USE CASE:
Identifying English keywords on a non-English site such as Thailand (Th-th) where the ILG Exclusion filter can’t catch them and perhaps the Specialist wishes to remove them from SWXL.
CONTRAINDICATIONS:
Be aware that some templates such as 1 and 115 do not have translated hotel or poi names, thus they will have a large number of English keywords generated. By removing all English keywords, you could be leaving a large number of URLs without associated keywords, effectively dropping the URLs from SWXL.
QUERY:
select top 1000
kw.id,
kw.keyword
from
dbo.kw kw with(nolock)
join kw_collection kwc with(nolock) on kwc.kw_id = kw.id
join collection c with(nolock) on kwc.collection_id = c.id
where
--Contains all normal English characters.

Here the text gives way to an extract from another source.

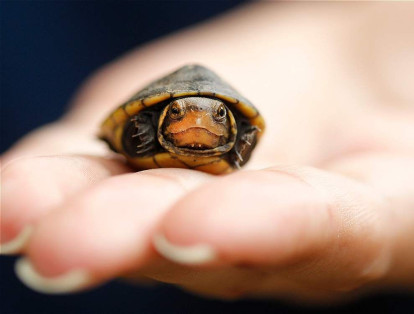 Tres especies de tortugas: la Carey, Morrocoy e Hicotea, están en la lista de los reptiles más traficados. Los huevos de tortuga son, además, comercializados como alimento en Semana Santa.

patindex(N'%[^ !-~()"]%' COLLATE Latin1_General_BIN, keyword) = 0
--In ILG Inclusion List
and c.name = 'ILG Inclusion List'
--Not in ILG Exclusion List
and not exists (
select 1 from
kw_collection kwc2 with(nolock)
join collection c2 with(nolock) on c2.id = kwc2.collection_id
where
kwc2.kw_id = kw.id
and c.name = 'ILG Exclusion List')
;
NOTES:
This query only differentiates between Latin characters and non-Latin characters. It can distinguish an English keyword like ‘hello’ from a Thai keyword like ‘เกสท์เฮาส์ อิแทวอน’, but it cannot distinguish a keyword like ‘Hoteles en Umeda’ as being either English or Spanish since there are no accents or wide characters.
Characters with accents will not be selected and this will need attention if you need to select for those as well. You can change the patindex clause to “>0” instead of “=0” to see the behavior.